In resuming the topic of Thessalus’s contentious argument, Galen dwells on the fact that the latter criticises Hippocrates (mainly for his theories on the nature of man) and has shamefully proclaimed himself a champion and the winner in the contest with the father of medicine. Such misguided perceptions drove Thessalus to both foolishness and insolence (hybris) according to Galen (elsewhere Thessalus is shameless and reckless), which flags up the by now familiar pattern of a false assumption leading to moral error, but also this time to moral passion (MM 1.2, X.7.10-8.13 K.). In fact, Galen’s hostility to Thessalus culminates in a speech he levels against him, which takes the form of insults mixed with character assassination.

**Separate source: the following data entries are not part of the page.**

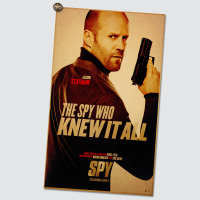 贴贴福 杰森斯坦森海报 好莱坞电影男明星人物复古贴画墙面装饰酒吧装饰画芯卧室床头装饰画 NB223 50*30（客户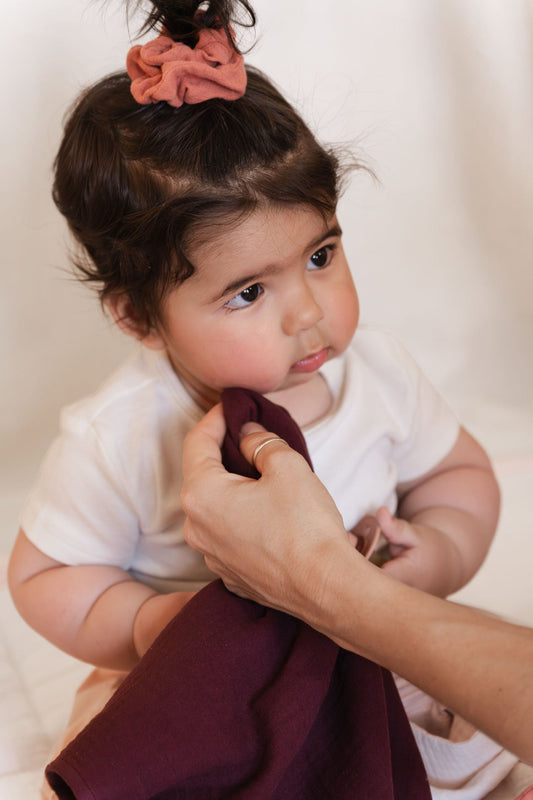 muslin cloth - NINI - bordeaux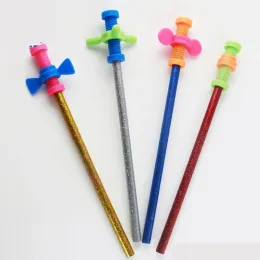 Fidget Pencil Topper는 스트레스 손가락 손가락 Fidget 장난감 4 zz를 구제합니다.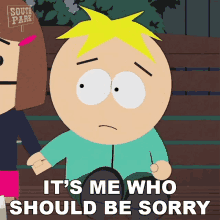 Its Me Who Should Be Sorry Butters GIF - Its Me Who Should Be Sorry Butters South Park GIFs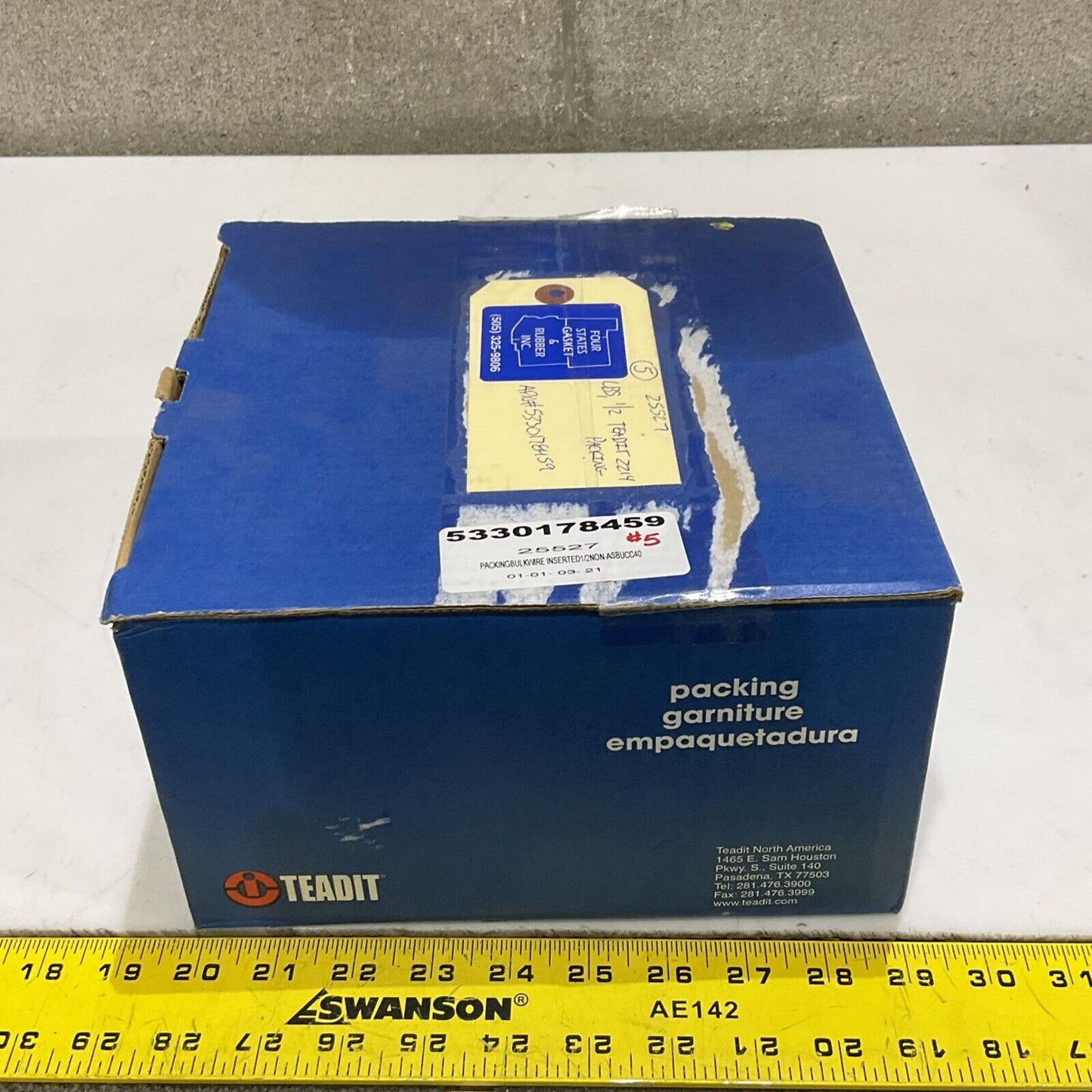 TEADIT 2214 BULK PACKING 1/2” 5 LB 373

For a start, Galen accuses Thessalus of discrediting those things that are good (διαβάλλειν … τὰ χρηστὰ, MM 1.2, X.8.13 Κ.) in his attempt to stand out from the crowd (διὰ τὸ παρὰ τοῖς πολλοῖς εὐδοκιμεῖν, MM 1.2, X.8.14 Κ.). We have already seen that this specific phrase also occurs in the Prognosis proem,Footnote 48 where it signifies that seeking popular reputation obstructs the development of the arts, which is precisely what Galen criticises Thessalus for in the Therapeutic Method. In addition, just as in the Prognosis proem, development of the arts is intertwined with love of truth, so in the Therapeutic Method too Thessalus is attacked for neglecting to excel in things that are true, or being diligent and a lover of truth (ἐνὸν ὑπερβάλλεσθαι τοῖς ἀληθέσιν, εἰ φιλόπονός τέ τις εἴης καὶ ἀληθείας ἐραστής, MM 1.2, X.8.14-15 K.). Similar themes regarding reputation are again dealt with in Galen’s second proem to the Therapeutic Method (Book 7), this time addressed to Eugenianus, in which Galen eschews desire for popular reputation as a trait of his own character (εὐδοκιμεῖν is here replaced with δόξα, marked in bold in the passages in nn. 49–51).Footnote 49 Likewise, he considers reputation a hindrance to virtue,Footnote 50 truth and knowledge.Footnote 51 Although here the text suggests that his despising of popular reputation was the result of a tendency that he had instilled in himself already in his youth, in Therapeutic Method 10.4, X.609.2-8 K. and elsewhere, Galen explicitly connects this virtue to the early education he received from his father. This is in stark contrast to Thessalus’s depravity, stemming from his vulgar father and effeminate education (unlike Galen’s hypermasculine paternal paideia).Footnote 52
Moreover, Galen’s moral account in the Therapeutic Method also references the dissimulation elements found in sophistic practices, much as we have seen in the Prognosis. In a separate section, Galen blames Thessalus for appointing his father’s fellow craftsmen to judge doctors, so that by this cunning ploy he can be the winner in a ‘fixed’ competition. Even though his father’s fellow craftsmen are not further described in this context, it is reasonable to argue that they are meant to represent the class of sophists for two reasons.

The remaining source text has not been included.